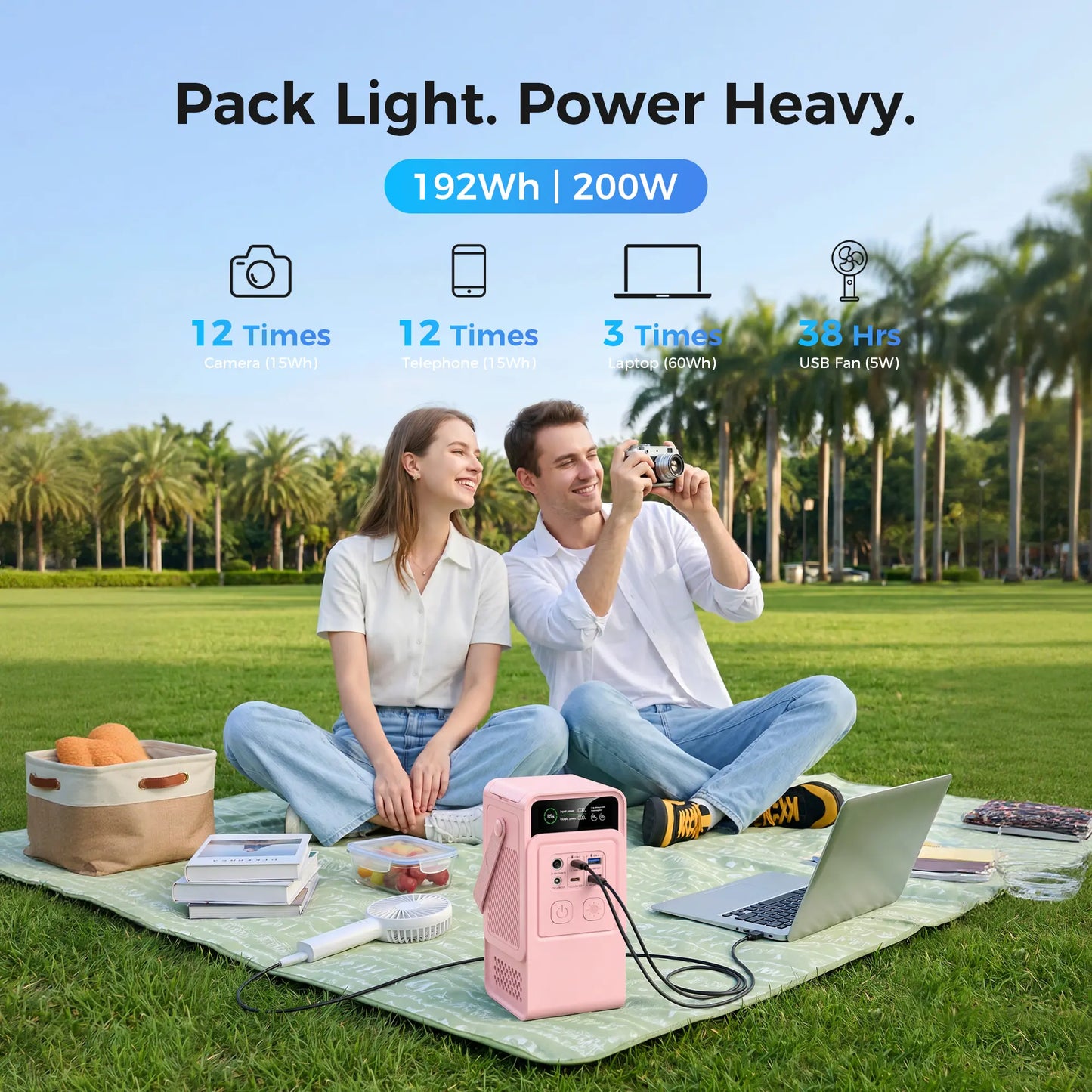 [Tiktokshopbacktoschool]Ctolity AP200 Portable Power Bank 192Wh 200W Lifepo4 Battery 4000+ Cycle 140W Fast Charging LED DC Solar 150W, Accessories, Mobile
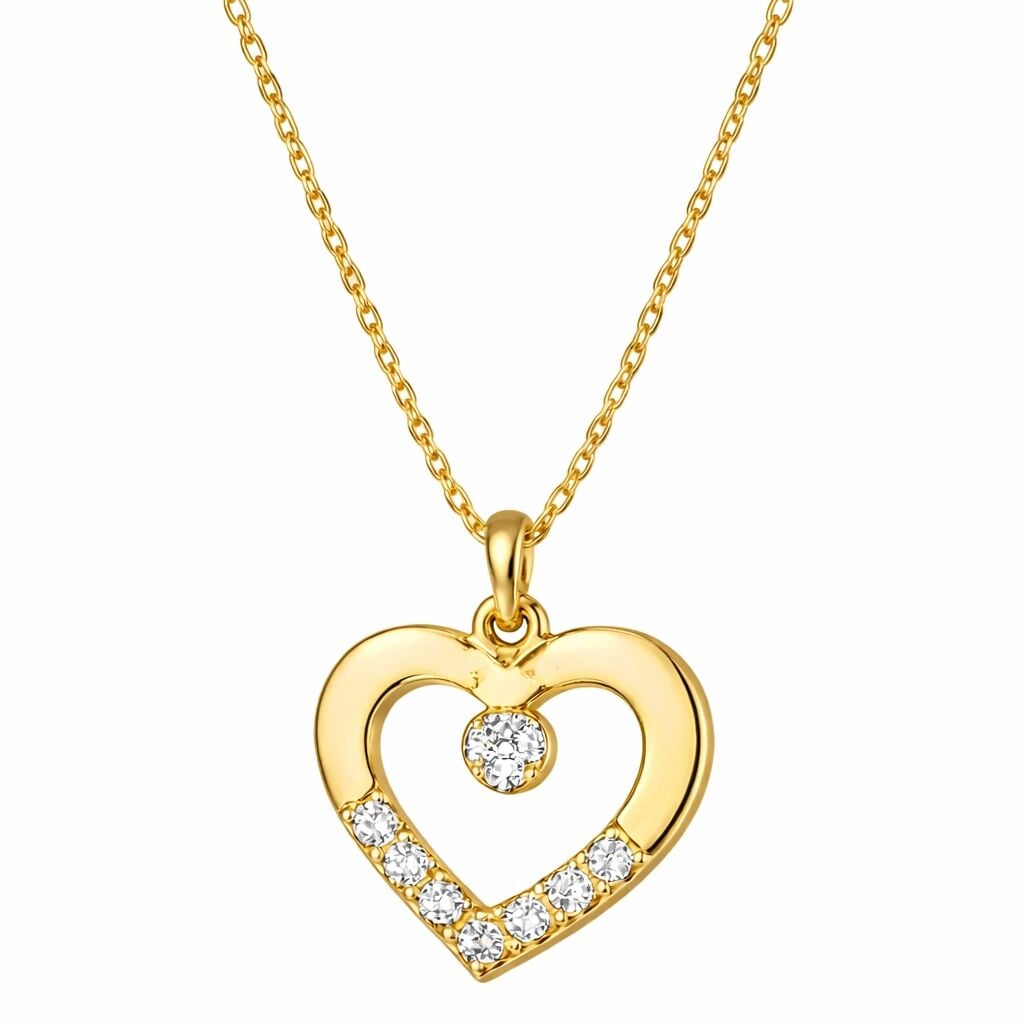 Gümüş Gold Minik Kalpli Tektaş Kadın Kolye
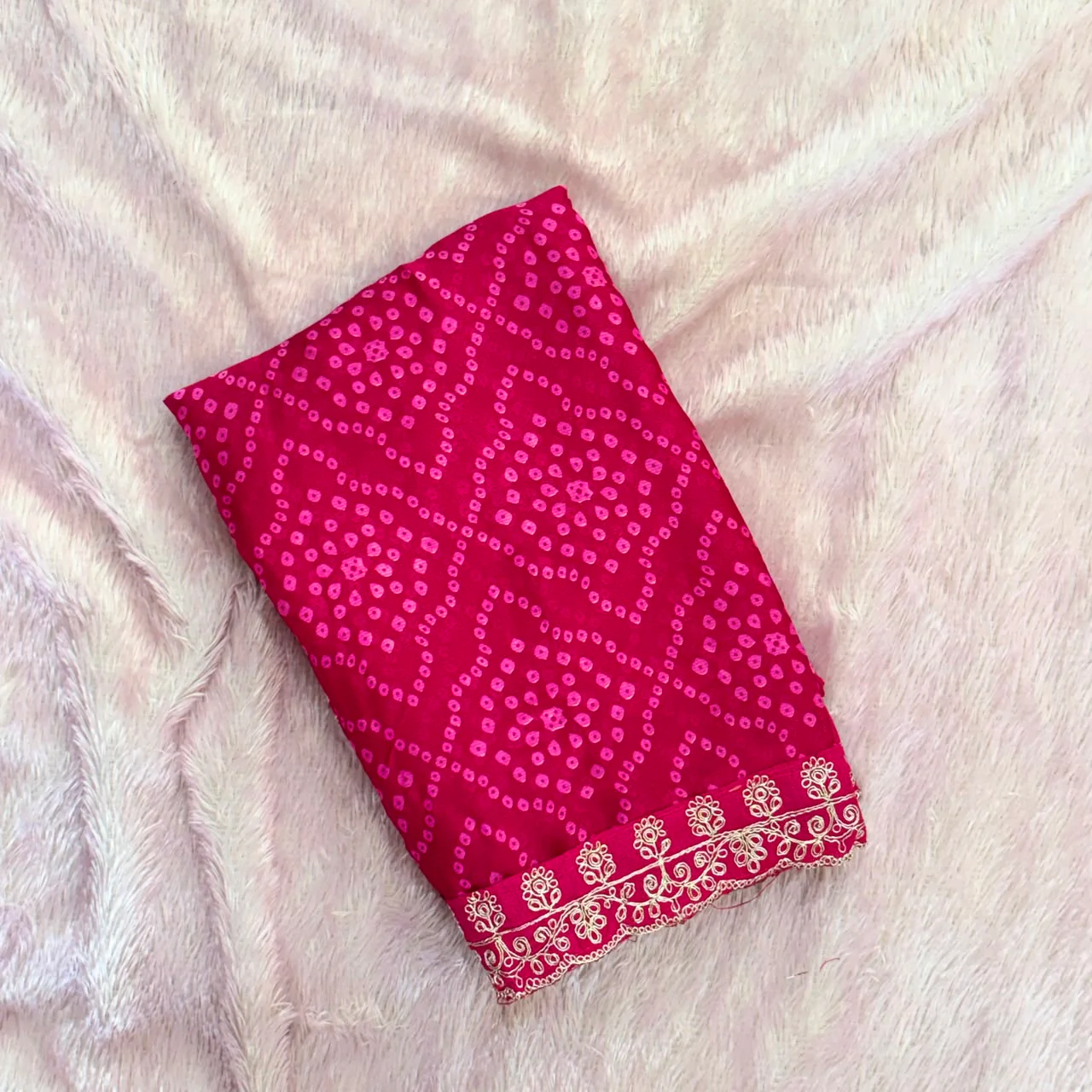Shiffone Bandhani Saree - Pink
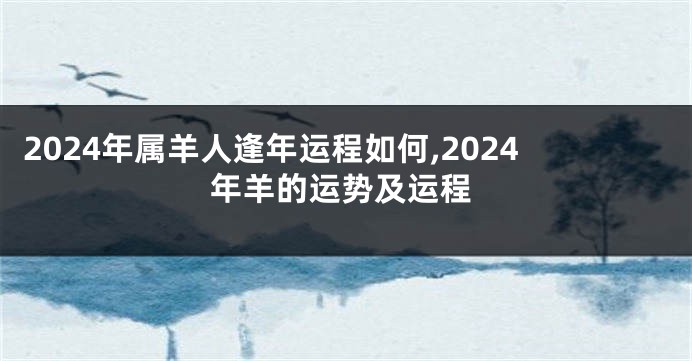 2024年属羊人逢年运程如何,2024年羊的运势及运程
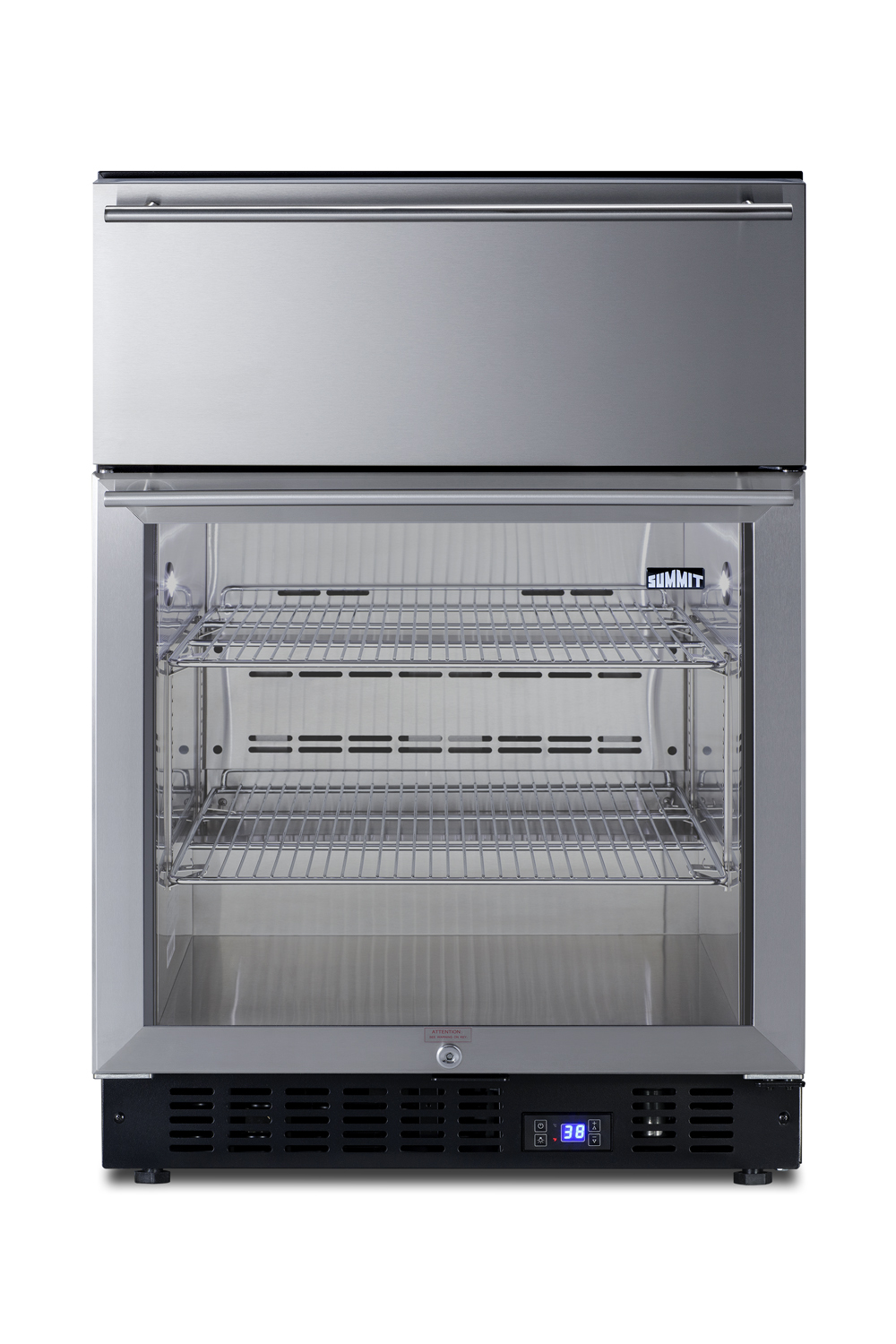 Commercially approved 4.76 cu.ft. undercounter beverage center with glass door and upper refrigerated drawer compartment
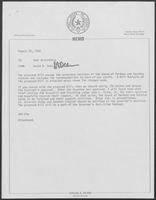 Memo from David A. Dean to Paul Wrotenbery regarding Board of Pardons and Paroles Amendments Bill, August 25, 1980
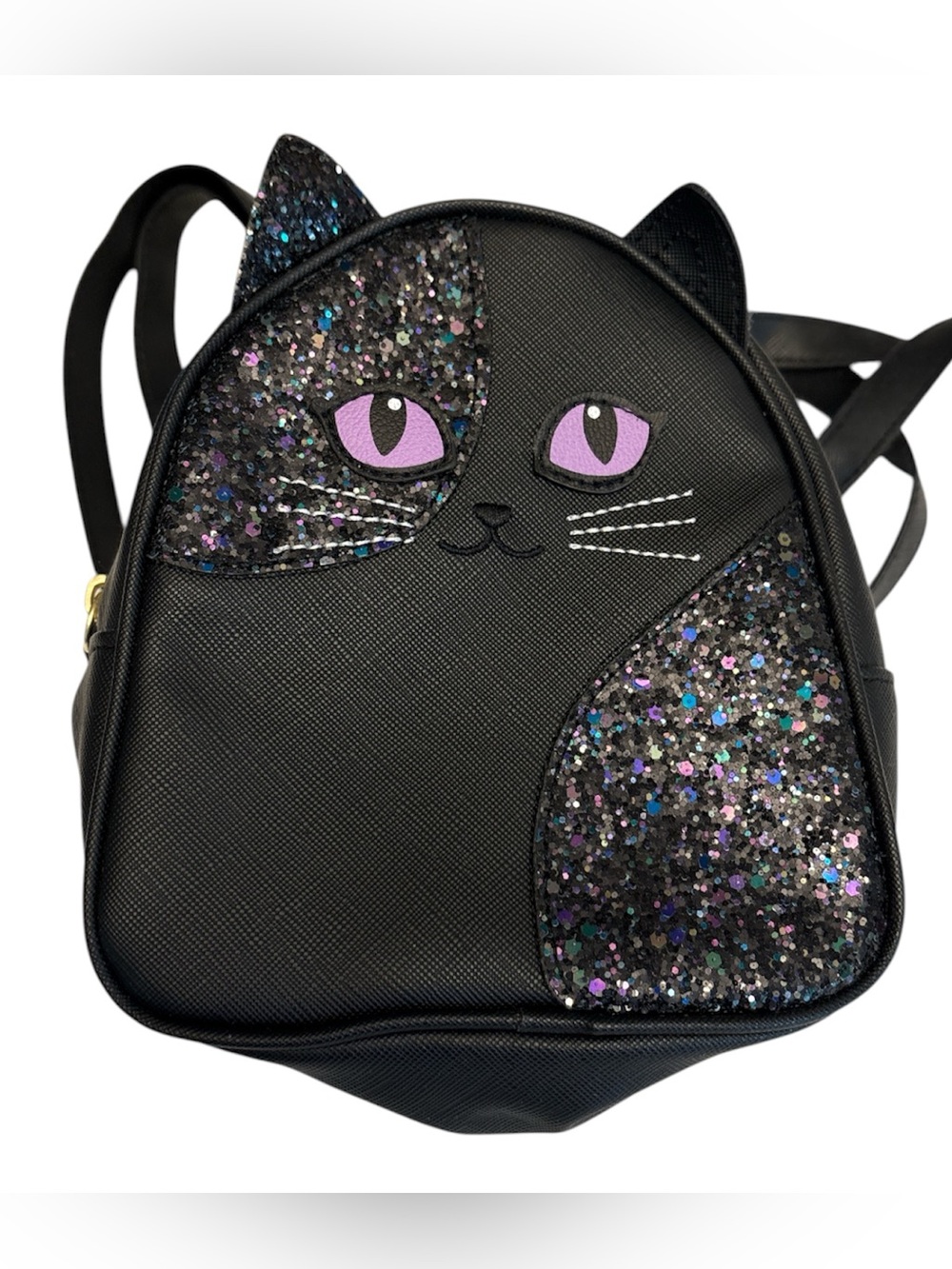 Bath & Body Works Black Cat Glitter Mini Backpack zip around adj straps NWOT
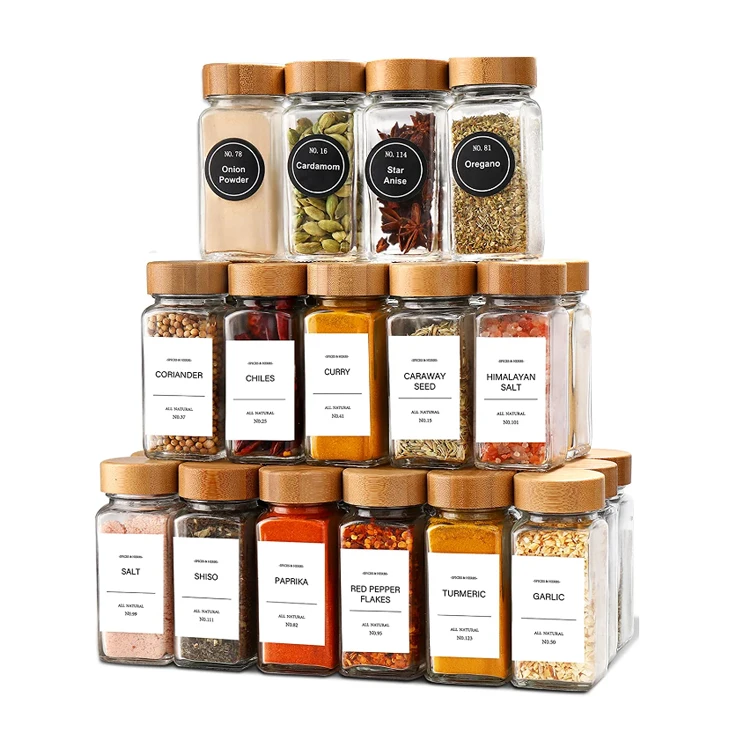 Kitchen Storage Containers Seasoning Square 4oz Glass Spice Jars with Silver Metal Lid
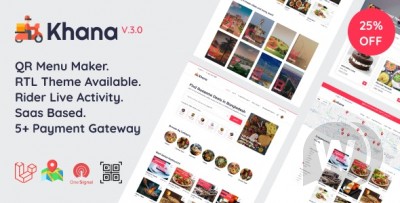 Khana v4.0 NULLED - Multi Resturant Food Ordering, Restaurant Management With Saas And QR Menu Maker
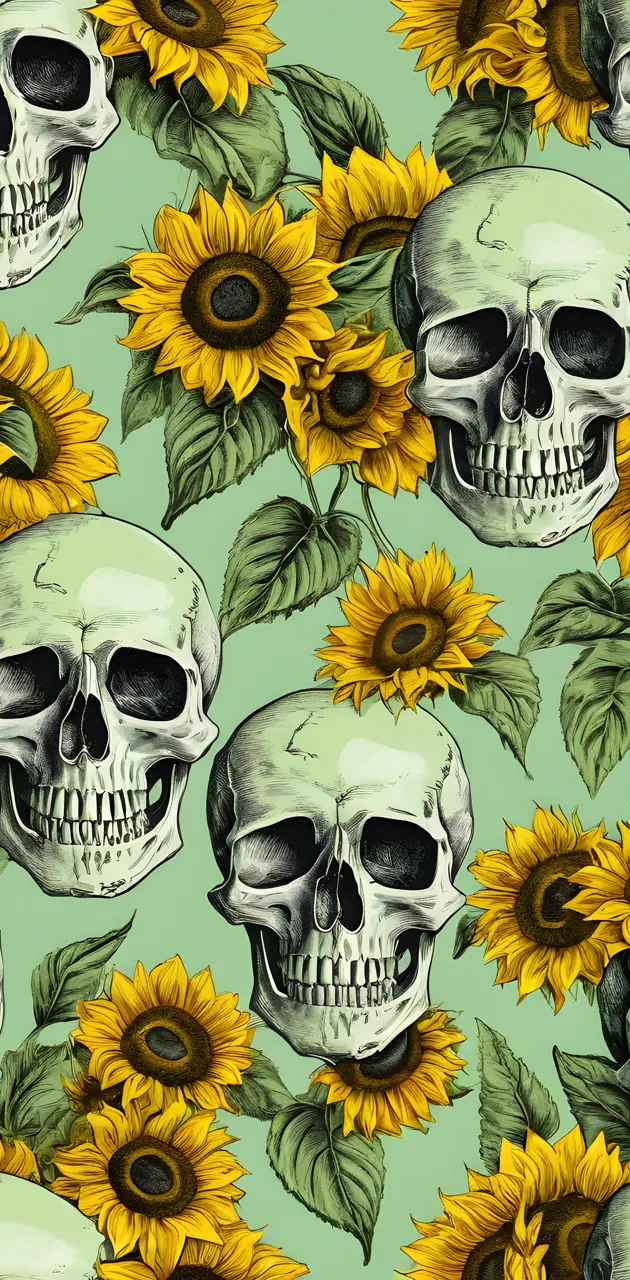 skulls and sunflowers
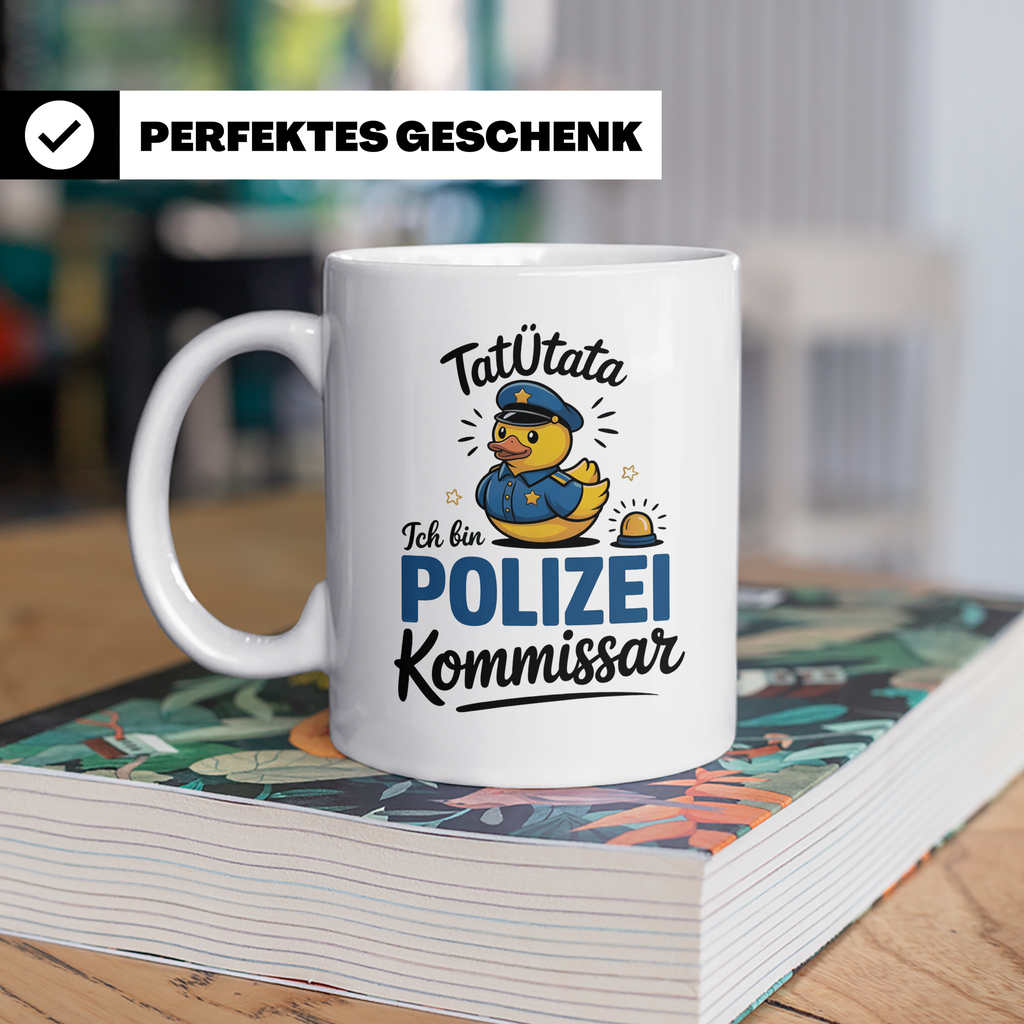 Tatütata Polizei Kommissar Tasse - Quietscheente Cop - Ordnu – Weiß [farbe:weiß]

Exercise prompt
Reproduce only the lines from the first line of the entries through the line containing "Commercially approved 4.76", exactly and with both ends kept. Omit the pictures.

Answer for this exercise
 [Tiktokshopbacktoschool]Ctolity AP200 Portable Power Bank 192Wh 200W Lifepo4 Battery 4000+ Cycle 140W Fast Charging LED DC Solar 150W, Accessories, Mobile
 Gümüş Gold Minik Kalpli Tektaş Kadın Kolye
Shiffone Bandhani Saree - Pink
 2024年属羊人逢年运程如何,2024年羊的运势及运程
 Commercially approved 4.76 cu.ft. undercounter beverage center with glass door and upper refrigerated drawer compartment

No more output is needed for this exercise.